Chelsea striker Nicolas Anelka says he accepts Carlo Ancelotti's policy of rotating his strikers since the arrival of Fernando Torres, admitting it is that sort of tough decision that means he will not become a manager.
Anelka, 32, said he has the experience to understand the need to take his turn on the bench while also speaking of his enjoyment of retirement from France duties and the extra time with his family that the international windows now afford him.
"I have been playing football for 16 years now," Anelka told Chelsea's website. "Sometimes to rest, even to watch your team-mates from the bench, is not too bad. It is part of the game and you try to be fresh when you come on the pitch. This is a big club and we have big players, so it's like this.
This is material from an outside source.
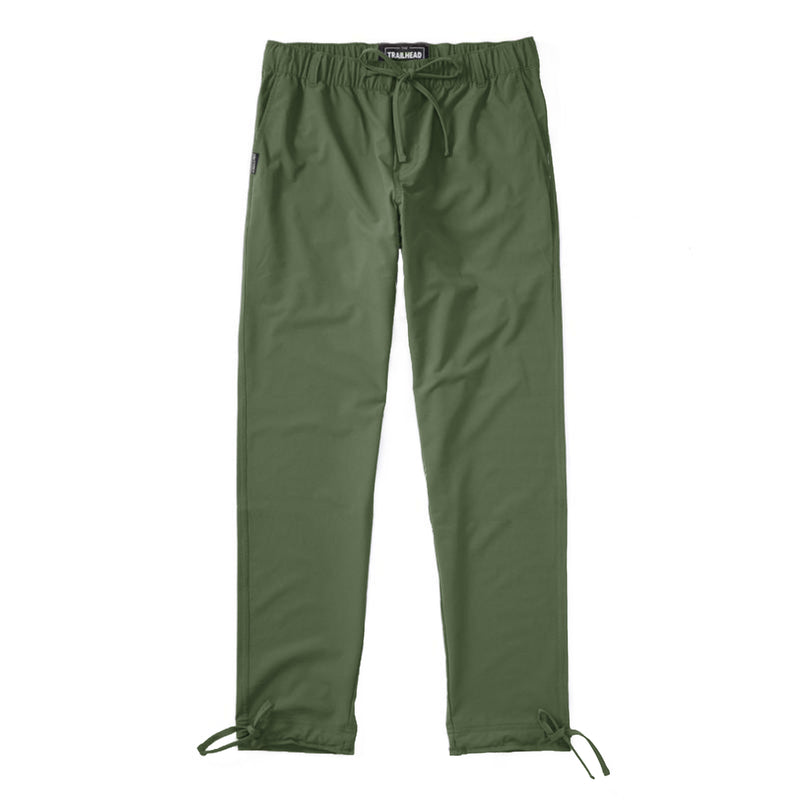 Himalaya Trekking Pants - Zip-Off Hiking Trousers for women - Olive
"We do our best on the pitch anyway and we know now we have a different tactic with two up front. We are four - [Didier] Drogba, Torres, [Salomon] Kalou and me, so we can swap and we know that, even if we have a good game, we may not play in the next game. It is frustrating when you are 20 years old; when you are 32, not any more."
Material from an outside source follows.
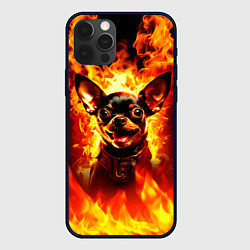 Чехол для iPhone 12 Pro Адский Пёс, цвет: 3D-черный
Anelka admitted he sympathised with Ancelotti's need to keep all his players happy and that the difficult choices confronting a manager means he will consider a different career path after retiring.
"When you're a manager it is even more difficult than playing because you have to keep everybody happy and make choices. I know I won't be a manager, I don't want to do it, never. You have to make everybody else happy also and if you are 20, you don't understand this rotation but, if you are 32, I won't say you have nothing to prove but you have the experience to understand."
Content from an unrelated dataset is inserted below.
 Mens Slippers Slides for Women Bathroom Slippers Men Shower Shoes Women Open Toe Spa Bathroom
Anelka has been resting over the last week while most of Chelsea's squad have been on international duty. The 32-year-old retired from international football last summer after his role in the mutiny against former France head coach Raymond Domenech saw him receive an 18-match ban. The ban is due to come to an end just before next summer's Euro 2012 tournament in Poland and the Ukraine but Anelka insists he will not end his exile.
"I don't miss it, I am glad to be out of it (international football),'' Anelka added. "Of course it can help to not play, you play less games so it is perfect to be off and to think about something else for one or two weeks then come back fresh to the club. You get some family life, go to Paris, wherever you want with your family, it is perfect, but I used to be like this when I played for City and in the beginning at Bolton, so I know this situation and I like it. I really don't think about the national team or playing games.''
Anelka called on his team-mates to prove that they are good enough to win the Champions League by beating Manchester United in their upcoming showdown. Chelsea edged one step closer to May's Wembley final by beating FC Copenhagen in the last 16. Their reward for victory over the Danish minnows was a tough tie against Premier League title rivals United.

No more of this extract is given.